I didn’t even know if I was going to make it to my appointment that day as my husband was feeling under the weather and we were waiting to get his COVID test results back. The night before they still weren’t in and I was panicking. I wanted my husband to cancel our appointment because I was so worried about having to cancel an hour before and no one getting that spot for the HSG test. (The way it works here is that they only do them at the hospital certain days a week and depending when your cycle starts you usually take 2-3 cycles to get in. We were so lucky and had gotten in on my first.) My husband, Jordan had convinced me not to give it up, and he had faith that the results would come in with enough time. And, he was right. About 3 hours before my appointment we got that negative result and my procedure was a go! Jordan drove me to the appointment but wasn’t permitted to join me inside. 

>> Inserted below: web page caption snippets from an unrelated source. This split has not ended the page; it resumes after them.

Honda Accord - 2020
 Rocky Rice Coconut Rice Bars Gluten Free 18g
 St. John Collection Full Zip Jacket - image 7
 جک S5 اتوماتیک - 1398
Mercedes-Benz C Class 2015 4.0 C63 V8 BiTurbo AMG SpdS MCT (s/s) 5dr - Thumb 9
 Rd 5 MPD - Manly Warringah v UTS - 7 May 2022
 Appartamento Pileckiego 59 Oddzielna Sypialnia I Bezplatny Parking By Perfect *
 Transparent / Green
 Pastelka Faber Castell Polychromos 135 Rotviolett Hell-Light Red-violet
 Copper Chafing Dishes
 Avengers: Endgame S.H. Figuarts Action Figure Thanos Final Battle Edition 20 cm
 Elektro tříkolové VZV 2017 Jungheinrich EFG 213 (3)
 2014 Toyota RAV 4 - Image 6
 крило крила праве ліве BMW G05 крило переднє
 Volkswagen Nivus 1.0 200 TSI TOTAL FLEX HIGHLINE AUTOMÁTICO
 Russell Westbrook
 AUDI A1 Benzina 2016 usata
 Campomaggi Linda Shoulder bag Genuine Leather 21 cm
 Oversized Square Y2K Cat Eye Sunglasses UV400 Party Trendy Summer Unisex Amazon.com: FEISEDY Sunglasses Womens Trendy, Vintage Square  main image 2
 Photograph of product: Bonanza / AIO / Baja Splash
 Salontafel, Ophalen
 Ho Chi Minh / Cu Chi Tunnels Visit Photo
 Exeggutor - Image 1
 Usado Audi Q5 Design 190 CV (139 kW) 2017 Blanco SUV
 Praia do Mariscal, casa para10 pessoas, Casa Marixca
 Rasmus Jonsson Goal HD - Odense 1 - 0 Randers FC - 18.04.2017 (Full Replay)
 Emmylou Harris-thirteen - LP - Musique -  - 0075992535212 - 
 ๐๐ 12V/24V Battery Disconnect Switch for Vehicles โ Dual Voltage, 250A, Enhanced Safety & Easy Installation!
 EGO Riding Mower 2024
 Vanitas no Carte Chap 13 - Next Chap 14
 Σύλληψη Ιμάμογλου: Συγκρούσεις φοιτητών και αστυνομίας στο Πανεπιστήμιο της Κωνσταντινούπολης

After passing their COVID screening and finally finding out where in the hospital I was supposed to be I was ushered to a change room, given a hospital robe and asked to undress completely. Once changed in to robe I was moved in to a hospital hallway with 6 chairs all 6 feet apart. I don’t know if this experience was standard, or if it was because of COVID but I hated this part most. For 40 minutes I sat basically naked and cold in a public hallway. The only comfort was watching the girls ahead of me slowly being called in, knowing my time would soon be next. I heard the hum of the x-ray machine and counted in my head just how long it lasted. I planned to use this to help me cope during my procedure. I figured if I knew exactly how many seconds it was going to be I could do a better job with getting myself to cope if it was painful. I’m sure it would’ve helped, but I was far too nervous to remember the seconds once it was my time. 
I was lucky enough that my fertility doctor was actually the one doing the procedure so we finally got to meet face to face. Going through fertility treatments during a pandemic has been weird to say the least. It’s crazy to think it took over a month since being accepted in to our fertility clinic that I actually got to see at least half of our doctor’s face. And we will have been working with them almost 5 months before we actually get to step foot in to the clinic.
I was worried it was going to hurt and it did but hopefully I’ll never have to do it again. I knew it would feel pressure, but I couldn’t believe how strong that pressure got. At one point I almost asked them to stop because I felt like my uterus was going to explode. 
Luckily, my results were good! Both tubes were wide open. Though there is a slight curve to the top of my uterus. Our doctor said it’s still within the realm of normality so he’s not too concerned about that currently.